Where does it come from? Your 5300 Call Report. You file the 5300, NCUA runs it through a fixed set of formulas, and out comes the FPR. No new data, no surprises, no secret sauce. It's your own numbers, arranged the way regulators arrange them.

It's organized into three sections. Key Ratios are the headline set, the ones examiners and boards live in. Supplemental Ratios go deeper into each category. Historical Ratios line your numbers up across several periods so you can see the trend, which (spoiler) is where the real story always lives.

One catch worth saying out loud. The FPR runs on public Call Report data, and credit unions file that data quarterly, then NCUA posts it weeks after the quarter closes. So it's accurate, but it's lagged. You're always reading a slightly old photograph, never a live feed. Keep that in the back of your mind.

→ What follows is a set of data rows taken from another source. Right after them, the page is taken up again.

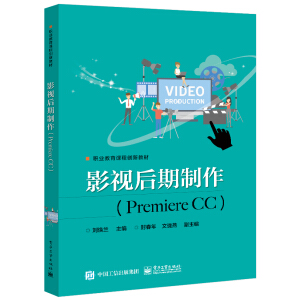 Ӱҕ����������Premiere CC��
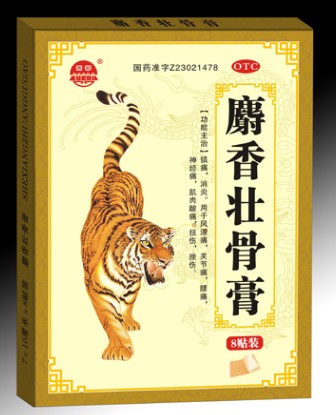 点击放大 精装8贴麝香壮骨膏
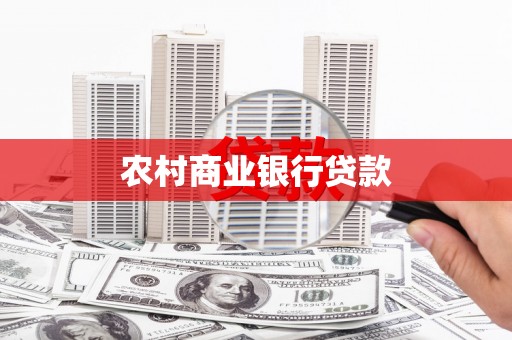 剑阁农村商业银行贷款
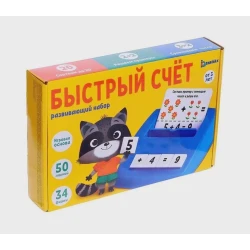 Развивающая игра IQ-Zabiaka Быстрый Счёт, 3 + лет Развивающая игра IQ-Zabiaka Быстрый Счёт, 3 + лет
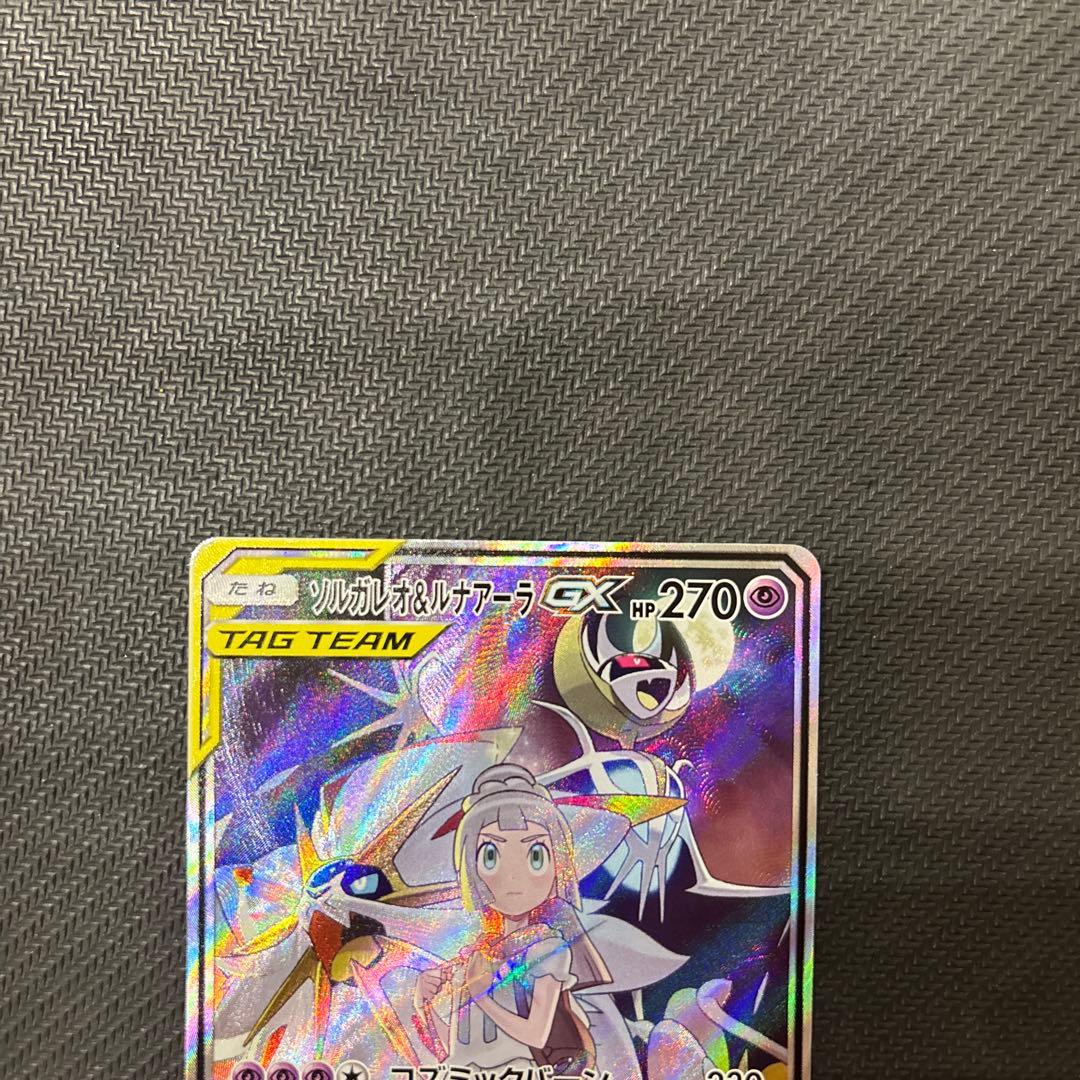 ソルガレオ&ルナアーラGX SR SM11b ドリームリーグ 063/049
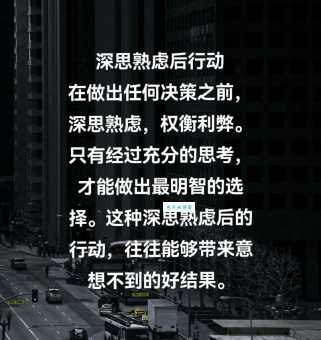 深思熟虑的意思你知道吗 这样做决定更靠谱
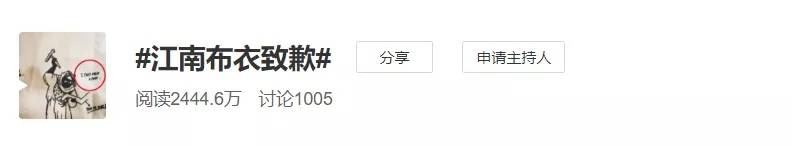 江南布衣 恋童、虐童、搞黄色？江南布衣童装设计不当图案引争议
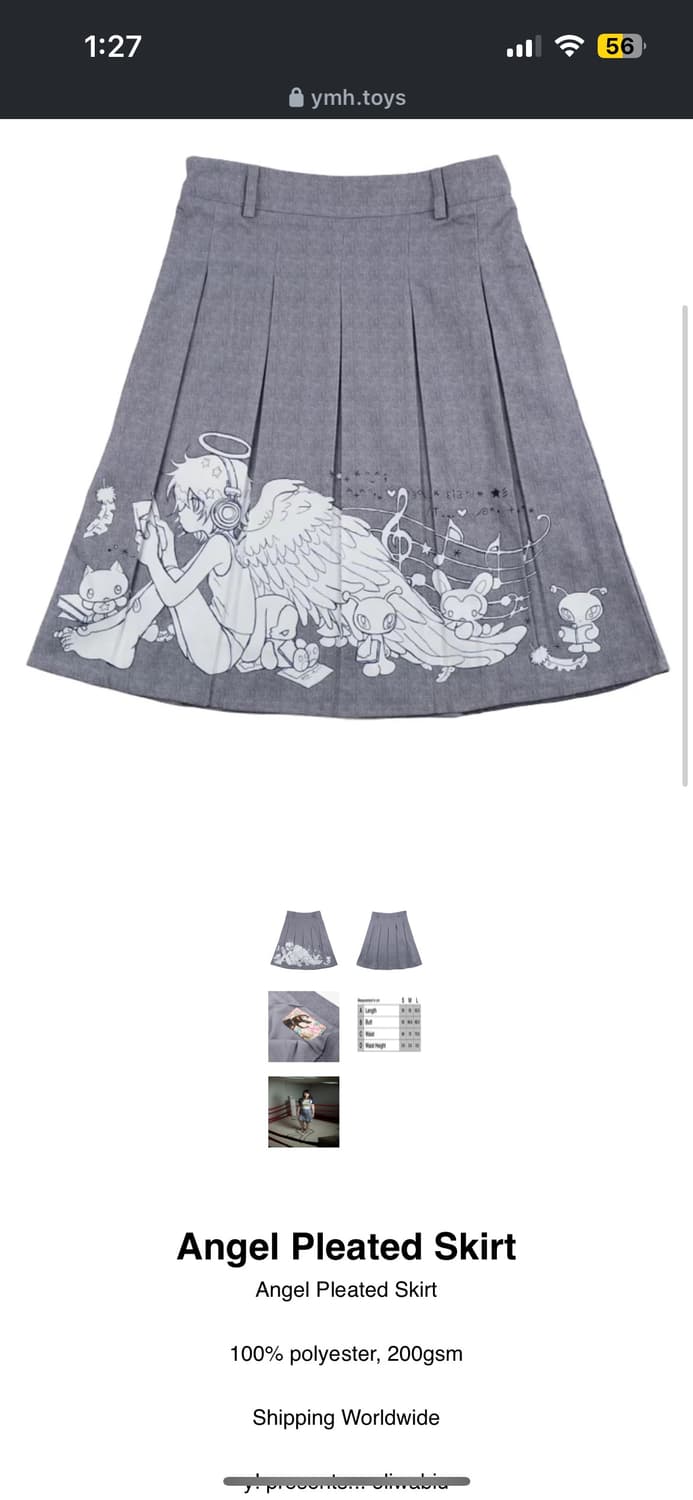 구해요)유민하 yuminha angel pleated skirt 상품이미지1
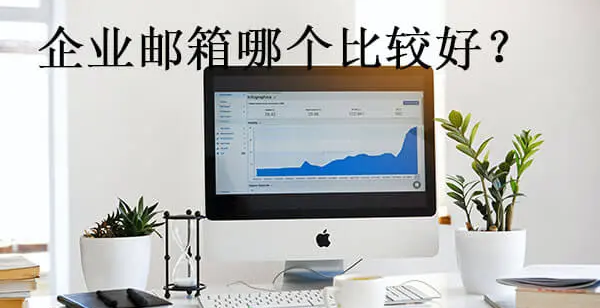 騰訊企業郵箱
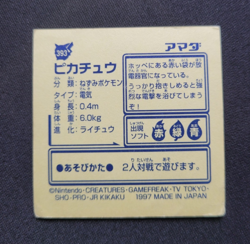 Pokemon 1997 Vintage TCG Amada Retsuden Kai Gold Holo Prizm Hyper Sticker Rare - Image 2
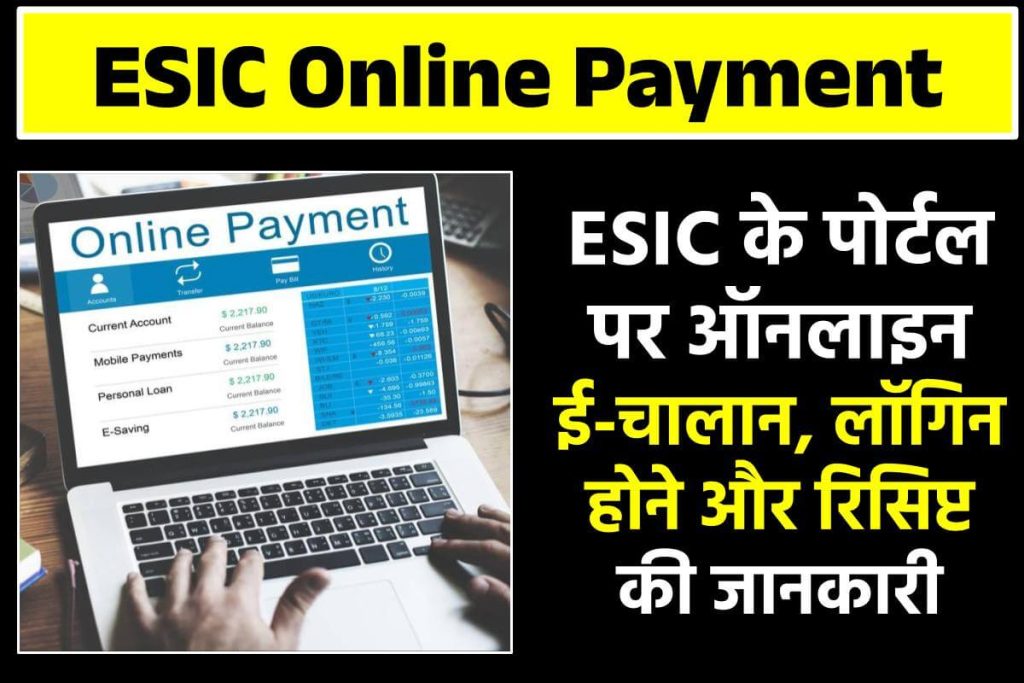 ESIC Online Payment e-Challan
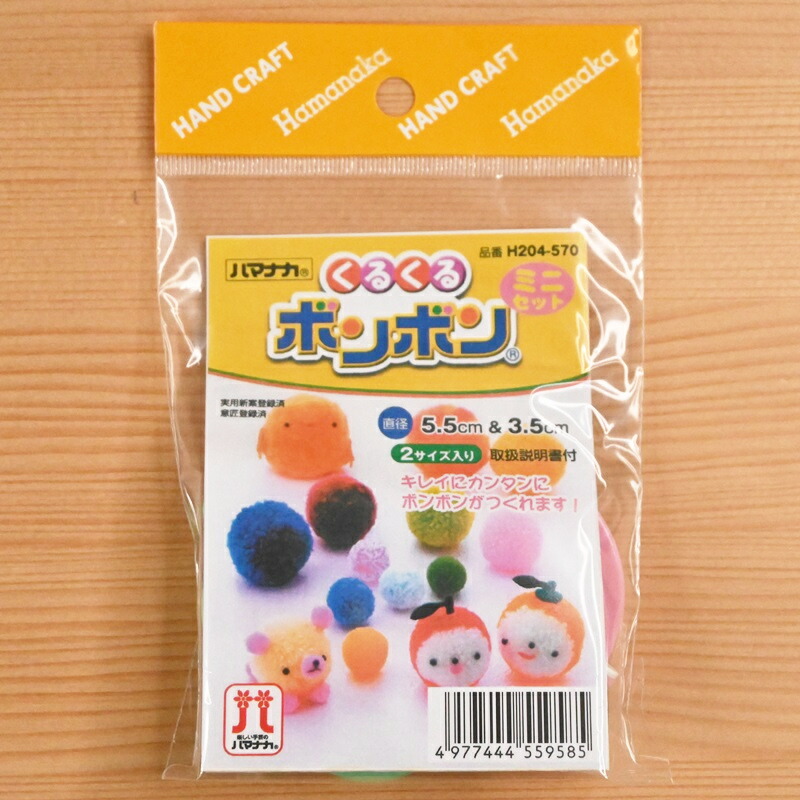 ボンボン Srixon ZXi7 Irons - Carl's Golfland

CU411 NCUA FPR Key Ratios report showing the capital ratios for a credit union against peer benchmarks, names blurred.
The FPR Key Ratios in CU411, opened on the capital block, your numbers beside peers your size. Peer names are blurred.

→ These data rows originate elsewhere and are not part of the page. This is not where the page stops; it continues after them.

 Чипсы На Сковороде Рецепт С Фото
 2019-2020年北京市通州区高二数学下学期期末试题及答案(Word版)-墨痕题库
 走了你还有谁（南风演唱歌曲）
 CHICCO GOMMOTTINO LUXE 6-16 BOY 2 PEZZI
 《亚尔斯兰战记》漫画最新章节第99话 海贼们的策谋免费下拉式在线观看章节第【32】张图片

A quick disclaimer, because this is regulated territory and I'd be doing you a disservice to skip it. Nothing here is financial or regulatory advice. The benchmarks I give you are ballparks, ranges, rules of thumb. They are not bright lines.

The single most important habit in this whole article is this: compare yourself to peers of similar size and lending mix, not to some universal "good" number. A card-heavy credit union and a real-estate shop are different animals. Judge each against its own herd.

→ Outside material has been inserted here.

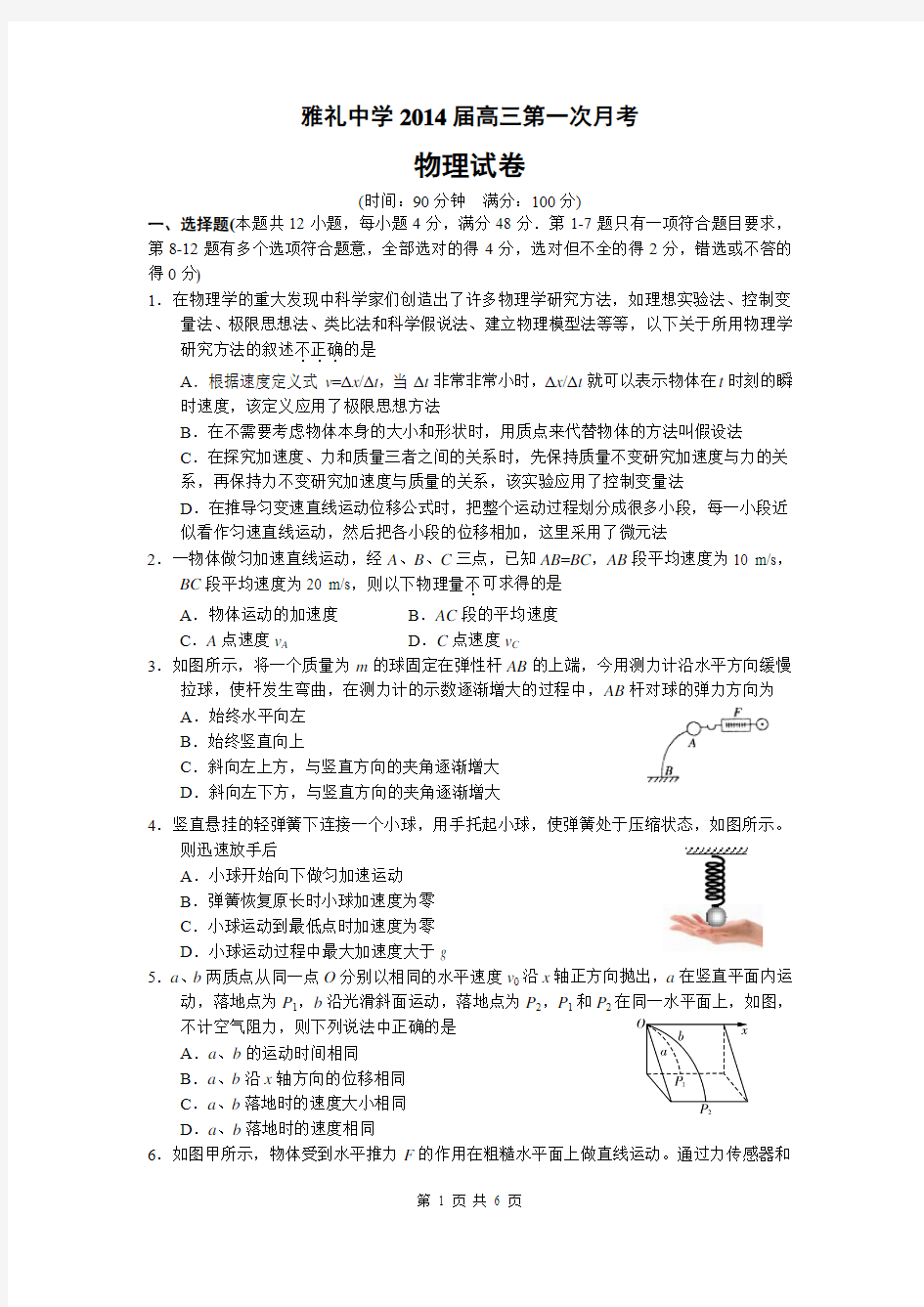 湖南省长沙市雅礼中学2014届高三上学期第一次月考试题(9月) 物理 Word版含答案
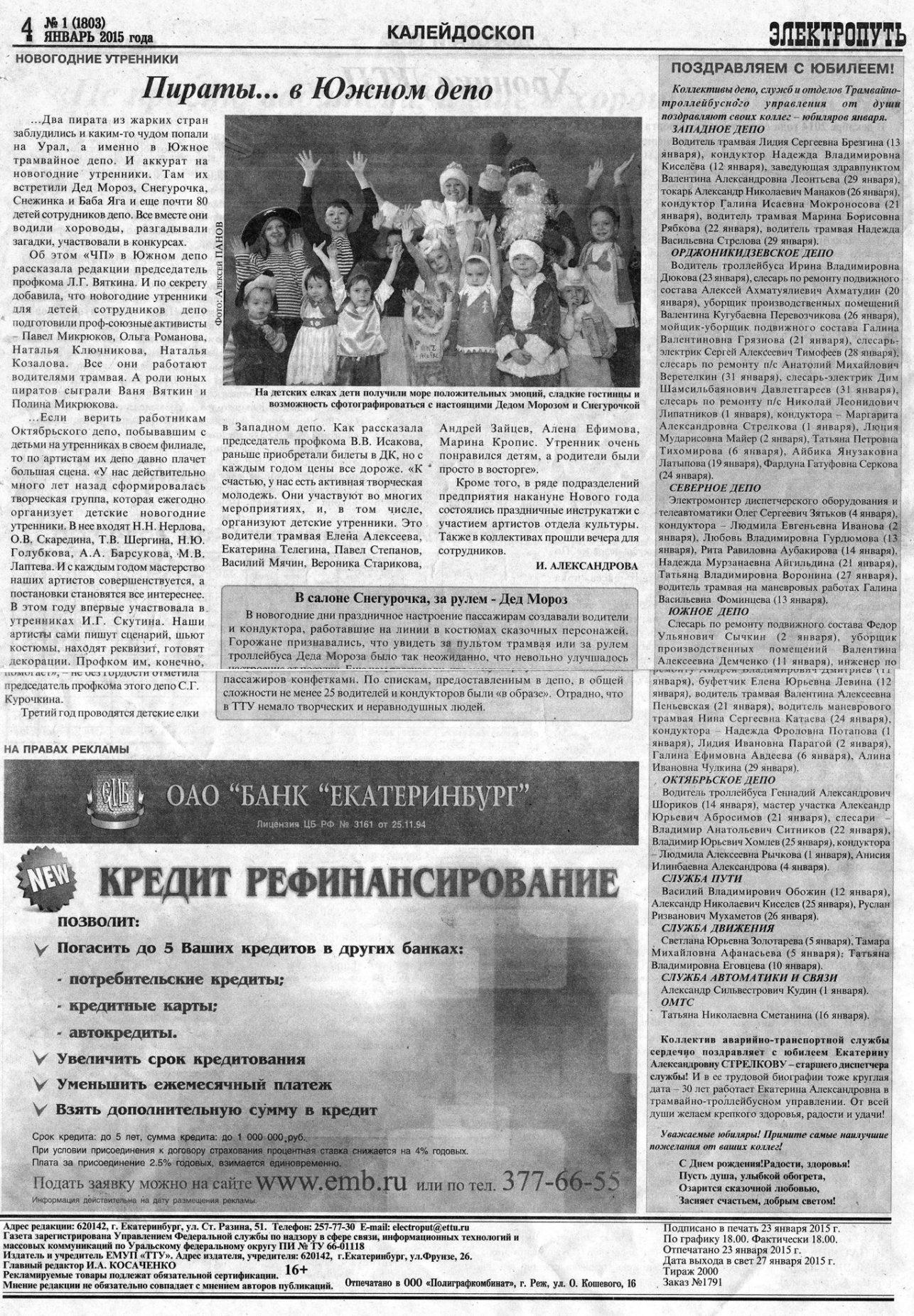 Екатеринбург — Газета «Электропуть»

The one thing almost everyone misreads: annualization

Before we touch a single ratio, we have to talk about annualization. This trips up more smart people than anything else on the FPR, and I'll confess I was one of them. The first time I opened my own Q1 report years ago, I saw a thin earnings number and spent a nervous afternoon convinced we were limping into the year. I was reading three months of profit as if it were twelve. Let's make sure that never happens to you.

Some ratios come from balance-sheet snapshots, like net worth or total loans. Those are point-in-time. Fine. But other ratios come from income-statement flows that pile up over the year: earnings, charge-offs, growth. Those flows reset to zero every January 1 and accumulate as the year goes on. Year-to-date, in other words.

So if you read a Q1 ROAA straight off the page, you're reading three months of profit, not a year of it. To make it comparable to a full year, NCUA annualizes it. Here's the cheat sheet, and it's worth taping to your monitor:

Annualization cheat sheet: Q1 times 4, Q2 times 2, Q3 times 1.333, December times 1.
The annualization multipliers. Year-to-date flow ratios get scaled up, so a Q1 number is multiplied by four.

Let's do the math out loud, because that's where it clicks. Say your Q1 FPR shows ROAA of 0.30%. Panic? It looks thin. But that's 0.30% earned in three months. Multiply by four. That's roughly 1.2% on an annualized basis. Suddenly that's a strong year, not a weak quarter.

Read it raw and you'd think you were limping. Annualize it and you're running.

Get this one wrong and every earnings and growth ratio on the page lies to you. December figures are the only flow-based ones already sitting at a full year, so those alone skip the multiplier. Everything else gets it.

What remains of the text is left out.